**Material to process:**
■ ■ ■

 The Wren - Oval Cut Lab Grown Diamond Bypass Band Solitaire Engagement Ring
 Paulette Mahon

■ ■ ■

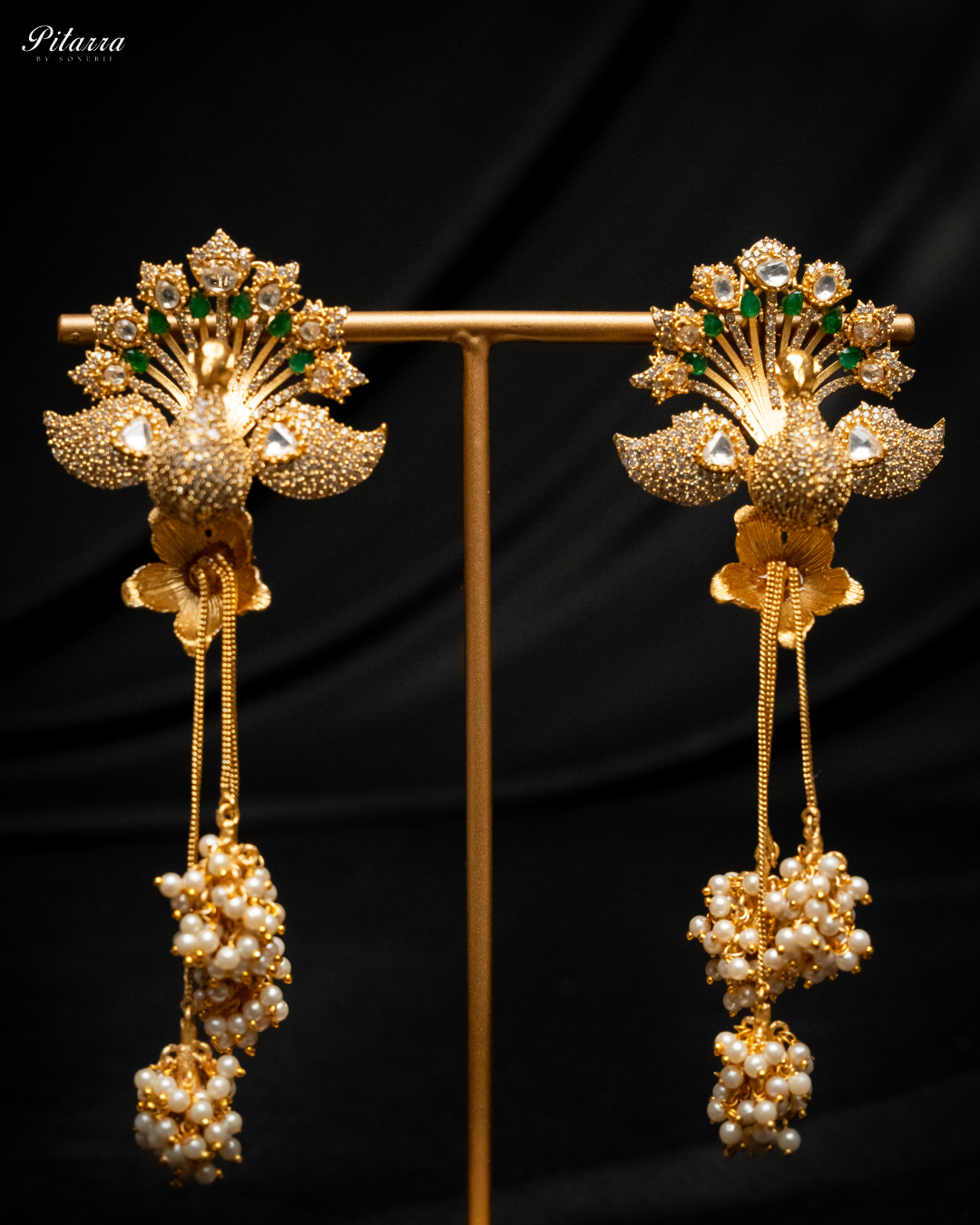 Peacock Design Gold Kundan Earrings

■ ■ ■

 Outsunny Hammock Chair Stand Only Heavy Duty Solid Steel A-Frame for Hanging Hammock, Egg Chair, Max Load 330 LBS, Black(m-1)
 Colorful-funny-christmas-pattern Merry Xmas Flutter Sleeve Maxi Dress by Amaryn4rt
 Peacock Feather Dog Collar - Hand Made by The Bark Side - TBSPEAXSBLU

■ ■ ■

**Work item:** Could you restate word for word the lines above, from the one that contains "The Wren - Oval" through the one that contains "Paulette Mahon", and no others?

**Result of the task:**
 The Wren - Oval Cut Lab Grown Diamond Bypass Band Solitaire Engagement Ring
 Paulette Mahon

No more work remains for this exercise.